Once you have found the line with "Vintage Colorado Avalanche" in the records below, retype it and every line after it to the end exactly, with no pictures and nothing more.

──────── Extracted material ────────

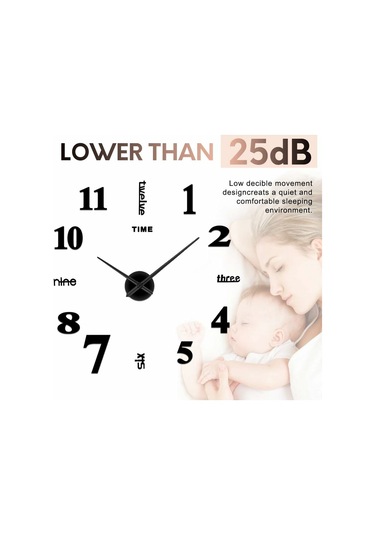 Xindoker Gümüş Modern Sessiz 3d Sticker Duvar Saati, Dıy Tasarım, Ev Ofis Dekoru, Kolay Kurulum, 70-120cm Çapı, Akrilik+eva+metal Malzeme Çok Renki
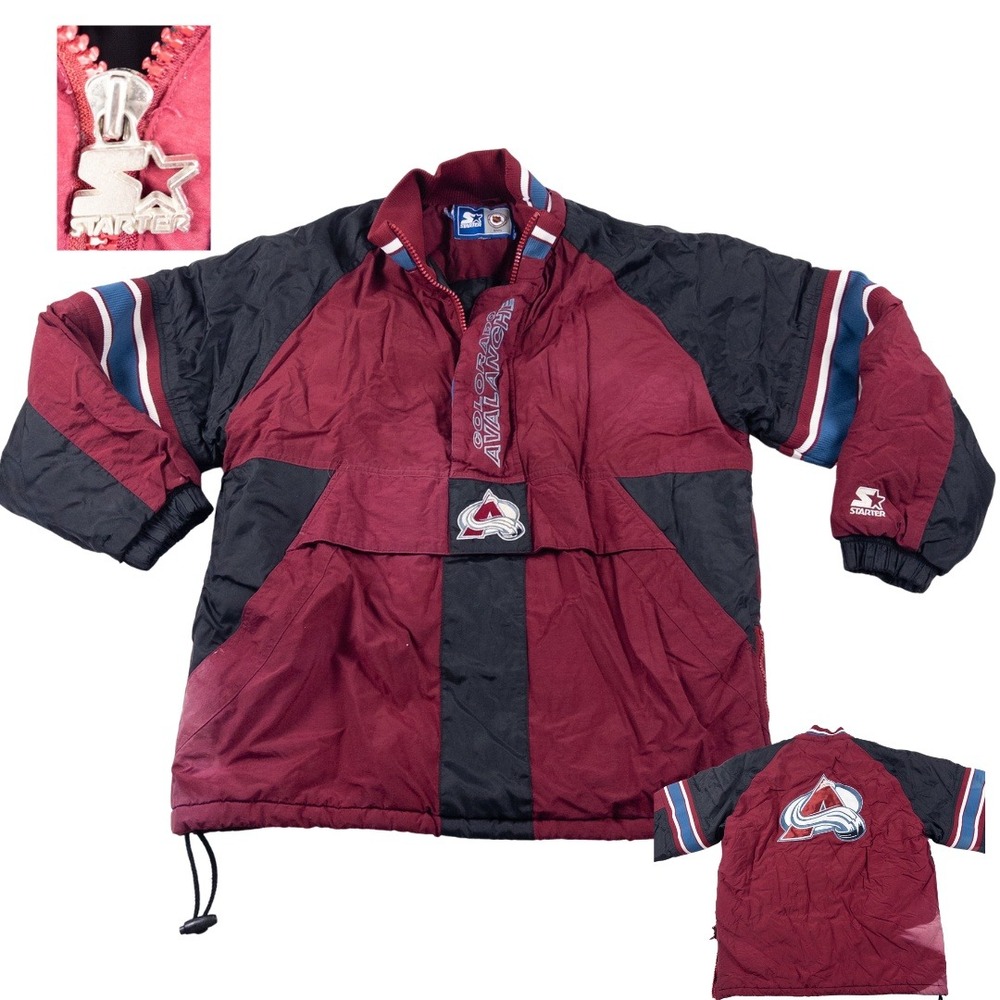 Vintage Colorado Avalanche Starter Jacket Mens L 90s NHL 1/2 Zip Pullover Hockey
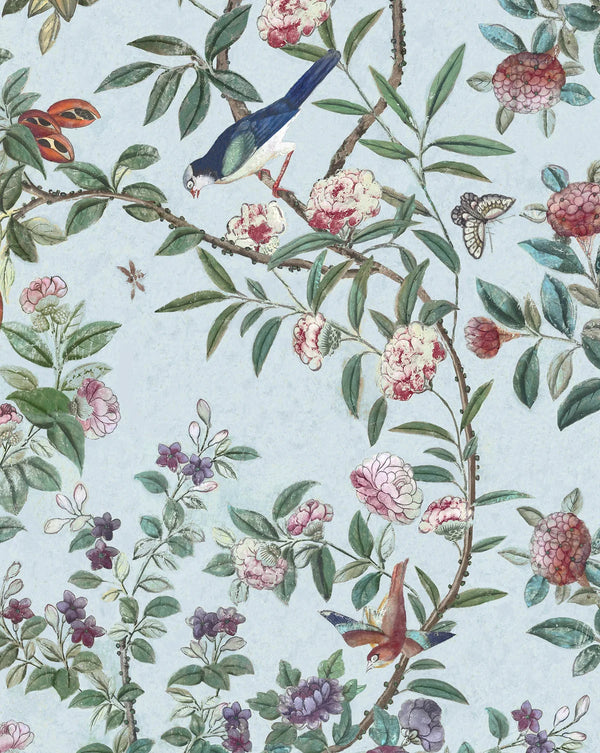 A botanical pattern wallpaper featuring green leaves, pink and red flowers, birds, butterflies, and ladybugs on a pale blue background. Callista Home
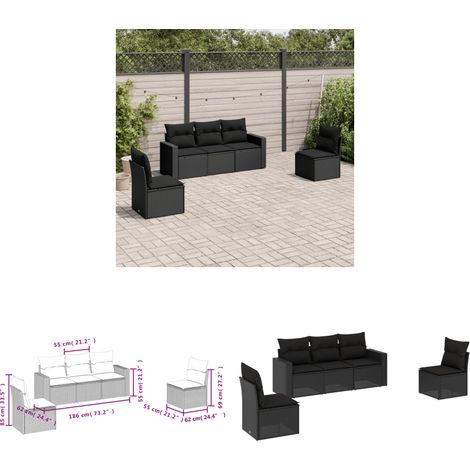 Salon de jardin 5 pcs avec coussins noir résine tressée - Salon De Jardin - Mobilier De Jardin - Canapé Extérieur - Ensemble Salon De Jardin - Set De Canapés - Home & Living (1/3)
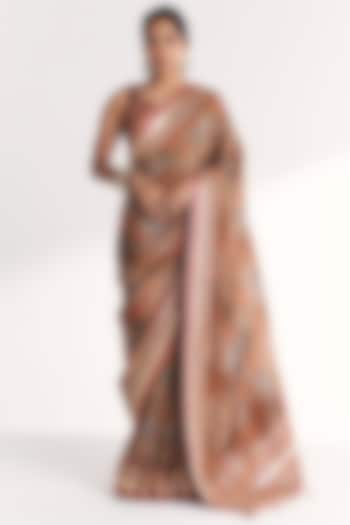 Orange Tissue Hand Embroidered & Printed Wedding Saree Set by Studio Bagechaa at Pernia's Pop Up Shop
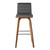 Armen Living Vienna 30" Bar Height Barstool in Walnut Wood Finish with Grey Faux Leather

────────

◆ **Output of the task**
 Vintage Colorado Avalanche Starter Jacket Mens L 90s NHL 1/2 Zip Pullover Hockey
 A botanical pattern wallpaper featuring green leaves, pink and red flowers, birds, butterflies, and ladybugs on a pale blue background. Callista Home
 Salon de jardin 5 pcs avec coussins noir résine tressée - Salon De Jardin - Mobilier De Jardin - Canapé Extérieur - Ensemble Salon De Jardin - Set De Canapés - Home & Living (1/3)
 Orange Tissue Hand Embroidered & Printed Wedding Saree Set by Studio Bagechaa at Pernia's Pop Up Shop
 Armen Living Vienna 30" Bar Height Barstool in Walnut Wood Finish with Grey Faux Leather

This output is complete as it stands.